__Exercise details__:
Set out exactly every line of the entries below, starting at the line that holds "Cutwork Oval Designer Tray with Curvy Bowl" and stopping after the line that holds "Vista 9 de Bata".

(Beginning of Dataset content)

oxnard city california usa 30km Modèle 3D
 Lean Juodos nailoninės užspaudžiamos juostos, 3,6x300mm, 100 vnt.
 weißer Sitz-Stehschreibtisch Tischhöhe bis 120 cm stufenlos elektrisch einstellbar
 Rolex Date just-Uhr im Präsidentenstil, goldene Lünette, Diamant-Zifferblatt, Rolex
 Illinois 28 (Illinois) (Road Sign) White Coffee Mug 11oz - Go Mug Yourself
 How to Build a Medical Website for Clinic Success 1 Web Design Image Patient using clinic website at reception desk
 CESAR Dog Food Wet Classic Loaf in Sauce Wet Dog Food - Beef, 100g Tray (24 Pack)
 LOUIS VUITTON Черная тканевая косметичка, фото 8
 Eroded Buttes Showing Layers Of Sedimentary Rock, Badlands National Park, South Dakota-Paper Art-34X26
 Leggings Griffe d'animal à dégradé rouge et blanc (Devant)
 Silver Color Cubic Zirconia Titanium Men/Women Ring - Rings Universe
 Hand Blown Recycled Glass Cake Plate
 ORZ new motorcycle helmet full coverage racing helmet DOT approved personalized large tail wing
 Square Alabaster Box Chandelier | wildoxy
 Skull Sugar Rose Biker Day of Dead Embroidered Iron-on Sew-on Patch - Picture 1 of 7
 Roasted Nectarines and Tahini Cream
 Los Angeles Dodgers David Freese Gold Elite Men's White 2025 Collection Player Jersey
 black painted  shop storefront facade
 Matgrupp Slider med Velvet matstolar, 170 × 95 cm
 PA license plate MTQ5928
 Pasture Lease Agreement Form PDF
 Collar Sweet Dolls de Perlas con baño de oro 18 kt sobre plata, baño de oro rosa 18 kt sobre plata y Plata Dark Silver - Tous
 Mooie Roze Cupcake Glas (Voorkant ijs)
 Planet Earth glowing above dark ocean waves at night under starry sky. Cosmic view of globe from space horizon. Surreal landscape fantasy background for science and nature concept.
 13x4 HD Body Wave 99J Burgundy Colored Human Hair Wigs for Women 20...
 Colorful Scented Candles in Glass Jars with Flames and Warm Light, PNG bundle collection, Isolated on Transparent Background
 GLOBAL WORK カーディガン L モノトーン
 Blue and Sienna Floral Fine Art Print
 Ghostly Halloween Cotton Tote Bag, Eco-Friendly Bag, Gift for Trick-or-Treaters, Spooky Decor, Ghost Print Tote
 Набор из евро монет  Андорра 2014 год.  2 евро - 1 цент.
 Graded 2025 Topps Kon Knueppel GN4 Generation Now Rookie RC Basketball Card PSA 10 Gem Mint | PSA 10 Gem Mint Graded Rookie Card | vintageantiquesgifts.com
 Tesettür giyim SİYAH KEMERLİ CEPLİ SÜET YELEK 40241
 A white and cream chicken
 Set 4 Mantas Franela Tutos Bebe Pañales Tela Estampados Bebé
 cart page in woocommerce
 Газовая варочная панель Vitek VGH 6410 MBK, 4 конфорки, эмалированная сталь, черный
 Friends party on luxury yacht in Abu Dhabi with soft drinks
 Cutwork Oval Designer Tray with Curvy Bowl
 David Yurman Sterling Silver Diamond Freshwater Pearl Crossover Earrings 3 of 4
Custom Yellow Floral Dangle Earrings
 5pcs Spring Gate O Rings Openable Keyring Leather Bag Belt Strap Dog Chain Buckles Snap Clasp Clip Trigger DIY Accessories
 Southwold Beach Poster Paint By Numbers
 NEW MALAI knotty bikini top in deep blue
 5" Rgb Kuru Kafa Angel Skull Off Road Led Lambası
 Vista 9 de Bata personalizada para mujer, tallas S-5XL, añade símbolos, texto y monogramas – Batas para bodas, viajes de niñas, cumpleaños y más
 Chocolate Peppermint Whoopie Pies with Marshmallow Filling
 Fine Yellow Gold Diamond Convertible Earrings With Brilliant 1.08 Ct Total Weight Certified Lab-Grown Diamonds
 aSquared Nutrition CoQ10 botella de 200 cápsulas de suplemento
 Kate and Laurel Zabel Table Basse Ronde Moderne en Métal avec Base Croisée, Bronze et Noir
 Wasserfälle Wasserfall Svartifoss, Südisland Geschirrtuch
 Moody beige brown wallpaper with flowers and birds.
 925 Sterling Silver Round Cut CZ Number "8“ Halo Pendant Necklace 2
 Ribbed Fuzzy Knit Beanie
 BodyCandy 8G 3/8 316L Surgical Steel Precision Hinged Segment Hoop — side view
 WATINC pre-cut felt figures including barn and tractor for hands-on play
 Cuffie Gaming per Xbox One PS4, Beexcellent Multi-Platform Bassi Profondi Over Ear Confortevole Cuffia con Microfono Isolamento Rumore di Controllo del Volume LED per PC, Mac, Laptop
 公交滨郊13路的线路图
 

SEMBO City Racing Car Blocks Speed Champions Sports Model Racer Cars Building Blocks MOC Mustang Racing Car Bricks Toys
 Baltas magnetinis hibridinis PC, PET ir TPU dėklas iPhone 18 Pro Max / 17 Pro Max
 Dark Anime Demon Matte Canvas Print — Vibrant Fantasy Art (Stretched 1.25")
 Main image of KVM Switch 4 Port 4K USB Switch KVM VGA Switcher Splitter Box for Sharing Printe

(End of Dataset content)

__Written reply__:
 Cutwork Oval Designer Tray with Curvy Bowl
 David Yurman Sterling Silver Diamond Freshwater Pearl Crossover Earrings 3 of 4
Custom Yellow Floral Dangle Earrings
 5pcs Spring Gate O Rings Openable Keyring Leather Bag Belt Strap Dog Chain Buckles Snap Clasp Clip Trigger DIY Accessories
 Southwold Beach Poster Paint By Numbers
 NEW MALAI knotty bikini top in deep blue
 5" Rgb Kuru Kafa Angel Skull Off Road Led Lambası
 Vista 9 de Bata personalizada para mujer, tallas S-5XL, añade símbolos, texto y monogramas – Batas para bodas, viajes de niñas, cumpleaños y más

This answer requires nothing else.